KHARTOUM (Reuters) - Women held a vigil outside the Sudan security service headquarters on Sunday, calling for the release of sons and other men arrested during a series of protests inspired by Egypt's uprising, witnesses said.
In another part of the capital, security officers prevented journalists from gathering to take part in a second protest against the arrest of colleagues, a Reuters witness said.
Officers detained five TV cameramen and photographers trying to cover the event, the witness added.
Young men have held a series of small protests across north Sudan in recent weeks against price rises and human rights abuses. Some websites and protesters also called for regime change.
Police, armed with batons and tear gas, have moved in quickly and arrested participants, witnesses say. So far the protests have not gained the momentum seen in Tunisia or Egypt, Sudan's northern neighbour.
More than 20 women, carrying photographs of the arrested men, gathered quietly outside the national security headquarters on Sunday morning, a Reuters witness said. Officers made no immediate move to arrest them.
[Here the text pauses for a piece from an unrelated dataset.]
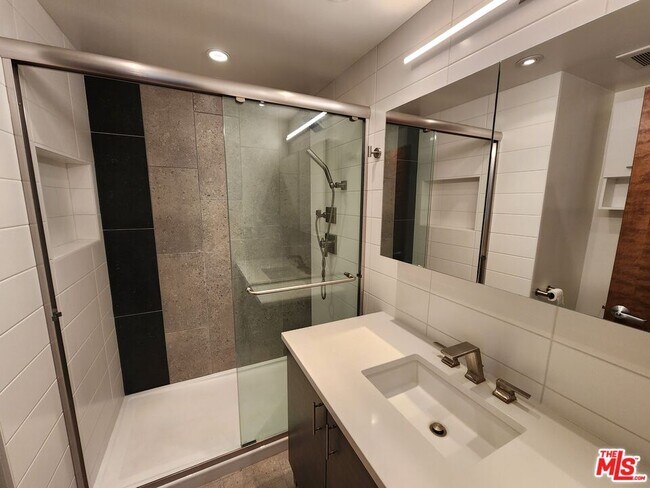 Photo - 1440 Veteran Ave Condo Unit 336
Sumaya Habbani, the wife of prominent opposition figure Mubarak al-Fadil, told Reuters she would not leave the rare public vigil until her two sons were freed.
Sudanese journalists had also planned a protest on Sunday against the arrest of colleagues during the same demonstrations.
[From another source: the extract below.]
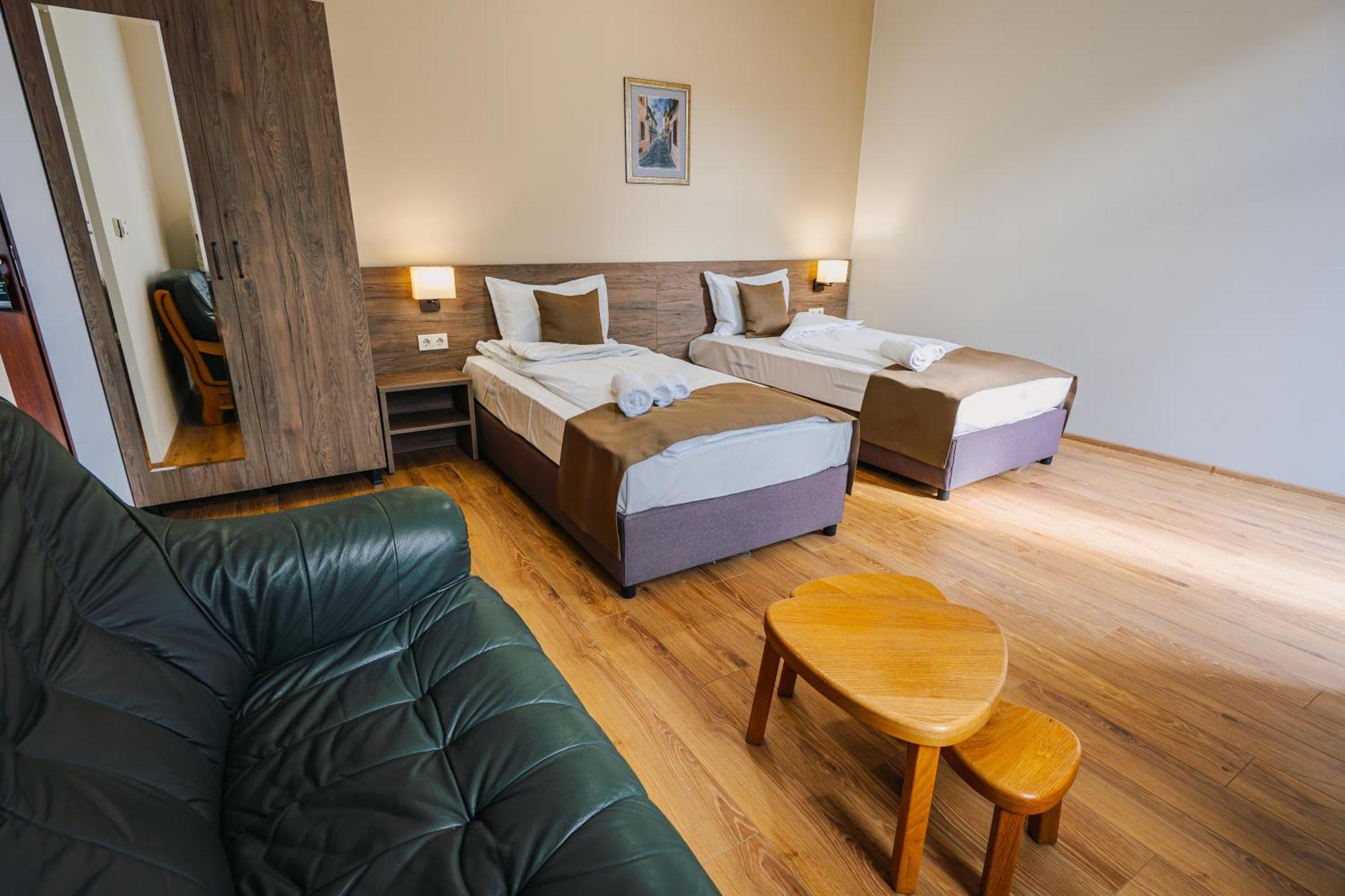 Hotel Хотел Театъръ Pleven Exteriér fotografie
Scores of police and plainclothes security officers took up positions outside the headquarters of the National Press Council, the media regulator, preventing anyone gathering there, according to a Reuters witness.
Sudanese government officials have played down the domestic protests saying they are isolated acts by students inspired by foreign activists and websites.
Sudan's government declined to comment on uprisings in Tunisia and neighbouring Egypt while they were taking place, then moved quickly to congratulate the protesters after they succeeded in ousting their leaders.
"We salute the Egyptian youth. A second greeting to the Egyptian youth, and a third greeting to the Egyptian revolution," Sudan's president Omar Hassan al-Bashir told a crowd in Sudan's Northern state on Sunday, in a speech broadcast on state television.